The Court recognizes that it might have been impractical to determine the damages with mathematical precision, but the law does not require such a showing. See, e.g., American Federal Group, Ltd. v. Rothenberg, 136 F.3d 897, 907-08 (2d Cir.1998). Even recognizing the perhaps prohibitively expensive issue of segregating the steel pipes, Ferro Union failed to even show “that any discount whatever had been claimed and allowed upon the whole parcel and what that discount was.” Wierton Steel, 126 F.2d at 594. As far as the Court can discern, Ferro Union may have sold all of the steel at the same prices as it would have sold the steel in absence of the rust. Cf. id. (stating that it is “not unreasonable” to ask a plaintiff, “which has the burden of proof and certainly had better access to the evidence,” to show that it was “obliged to make an allowance of some kind” because of the damaged goods). The Court emphasizes that apparently neither MacSteel, nor Ferro Union, nor Tokio attempted to discern the damages with any measure of precision; hence, no recovery is available.

IV. ORDER

For the reasons stated, it is hereby

ORDERED that the motion of plaintiff Ferro Union, Inc., for summary judgment is denied; it is further

ORDERED that the motion of defendants Tamahina Investments, Ltd., V. Ships, Ltd., and Lykes Lines Limited, LLC, for summary judgment is granted, and the Clerk of Court is directed to enter judgment on their behalf and dismiss this case.

The Clerk of Court is directed to close this case.

SO ORDERED.

FN1. The facts derive from (1) the complaint; (2) the declaration of Captain Terence Noodle, dated March 11, 2004 (“Noodle Decl.”); (3) the declaration of Leonard Maltese, dated March 11, 2004; (4) the affidavits of Matthew T. Loesberg, dated March 12, 2004, and April 30, 2004; (5) the declaration of Michael S. Davis, dated March 11, 2004; (6) the declarations of Christopher H. Mansuy, dated December 22, 2003, and April 14, 2004; and (7) the declaration of Patrick L. Jones, dated April 6, 2004, as well as the exhibits attached to those documents. Except where necessary, the Court will not cite these sources further.

FN2. According to Ferro Union, Tokio is the real party in interest to this litigation. Because it is proper for Ferro Union to bring the lawsuit in its own name in such a circumstance, see Fed.R.Civ.P. 17, the Court will continue to refer to Ferro Union as the proper plaintiff.
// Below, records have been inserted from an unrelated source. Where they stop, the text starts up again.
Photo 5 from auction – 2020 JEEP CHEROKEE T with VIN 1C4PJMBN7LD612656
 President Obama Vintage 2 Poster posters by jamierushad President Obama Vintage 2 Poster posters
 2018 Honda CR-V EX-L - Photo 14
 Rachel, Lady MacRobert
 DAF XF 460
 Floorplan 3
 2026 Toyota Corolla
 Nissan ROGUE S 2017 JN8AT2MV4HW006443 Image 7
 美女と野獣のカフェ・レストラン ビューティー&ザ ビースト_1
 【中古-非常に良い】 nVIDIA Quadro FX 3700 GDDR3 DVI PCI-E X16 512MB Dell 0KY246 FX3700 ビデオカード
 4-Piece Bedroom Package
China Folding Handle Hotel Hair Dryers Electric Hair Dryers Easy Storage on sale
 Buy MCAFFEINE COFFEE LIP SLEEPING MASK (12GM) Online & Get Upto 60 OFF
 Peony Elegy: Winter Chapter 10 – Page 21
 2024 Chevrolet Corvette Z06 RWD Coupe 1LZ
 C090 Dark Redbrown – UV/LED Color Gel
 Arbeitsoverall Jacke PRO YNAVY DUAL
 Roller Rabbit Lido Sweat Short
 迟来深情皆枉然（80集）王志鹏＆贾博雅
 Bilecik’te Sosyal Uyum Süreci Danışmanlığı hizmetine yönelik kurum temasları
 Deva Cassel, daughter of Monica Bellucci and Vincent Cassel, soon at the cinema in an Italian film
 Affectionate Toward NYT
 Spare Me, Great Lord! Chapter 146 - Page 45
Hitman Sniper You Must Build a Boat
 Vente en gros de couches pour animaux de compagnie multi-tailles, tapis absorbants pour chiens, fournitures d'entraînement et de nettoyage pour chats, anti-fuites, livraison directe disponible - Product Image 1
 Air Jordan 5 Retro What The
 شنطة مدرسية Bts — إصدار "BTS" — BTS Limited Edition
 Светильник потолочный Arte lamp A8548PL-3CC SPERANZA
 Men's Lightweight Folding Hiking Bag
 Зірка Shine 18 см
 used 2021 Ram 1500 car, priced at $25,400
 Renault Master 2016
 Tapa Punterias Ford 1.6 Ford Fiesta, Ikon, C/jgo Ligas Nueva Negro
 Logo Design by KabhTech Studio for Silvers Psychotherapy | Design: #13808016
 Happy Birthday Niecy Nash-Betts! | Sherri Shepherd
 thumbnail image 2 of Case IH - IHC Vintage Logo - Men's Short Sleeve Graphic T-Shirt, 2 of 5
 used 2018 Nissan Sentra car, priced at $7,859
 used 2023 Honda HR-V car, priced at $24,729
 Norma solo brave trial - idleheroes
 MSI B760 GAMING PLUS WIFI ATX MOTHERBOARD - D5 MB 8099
FN3. In Wierton Steel, the nominal plaintiff was the shipper, whereas in this case, the nominal plaintiff is the purchaser, Ferro Union.

FN4. To be sure, the ” ‘test of market value is at best but a convenient means of getting at the loss suffered,” ‘ and it ” ‘may be discarded and other more accurate means resorted to if, for special reasons, it is not exact or otherwise not applicable.” ‘ Kanematsu-Gosho Ltd., 814 F.2d at 118 (quoting Illinois Central Railroad v. Crail, 281 U.S. 57, 64-65, 50 S.Ct. 180, 74 L.Ed. 699 (1930)).